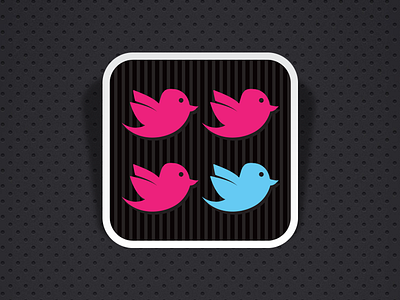 TweetCompare Icon app application design icon ios iphone tweetcompare twitter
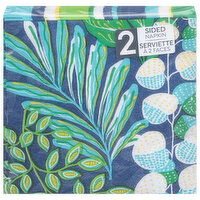 Sensation Napkins, 2 Sided, Peaceful Palms, 2 Ply, 24 Each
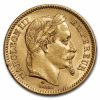 1864-A France Gold 20 Francs Napoleon III BU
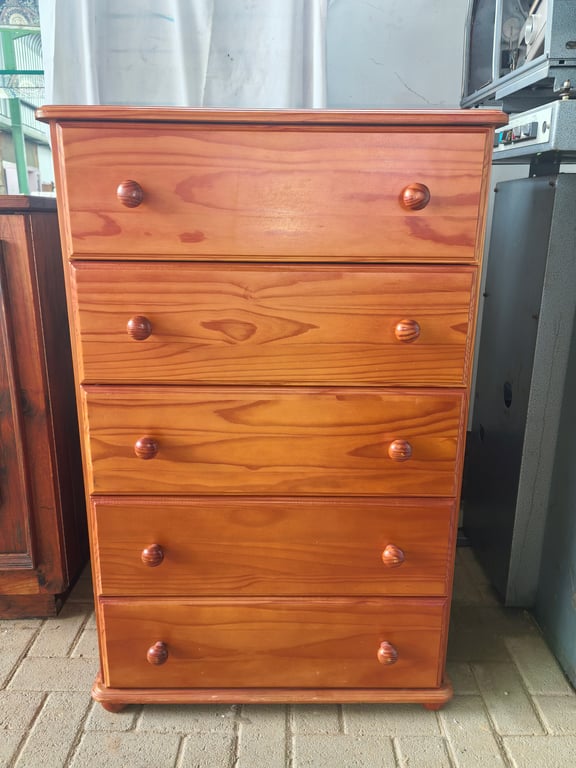 Solid Pine Chest of Drawers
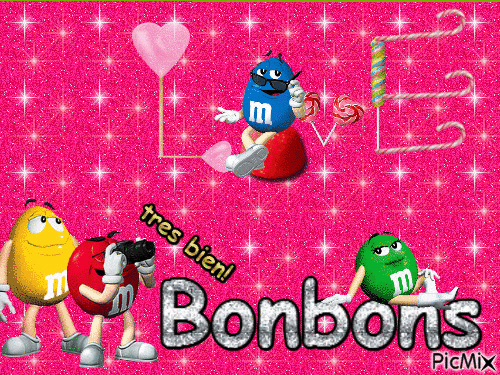 Bonbons - Zdarma animovaný GIF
_____
Exercise requirements - Every line from the one holding "Solid Pine Chest of Drawers" through the last line of the entries above, and nothing else, is to be restated word for word. Pictures stay out.

Result -
 Solid Pine Chest of Drawers
 Bonbons - Zdarma animovaný GIF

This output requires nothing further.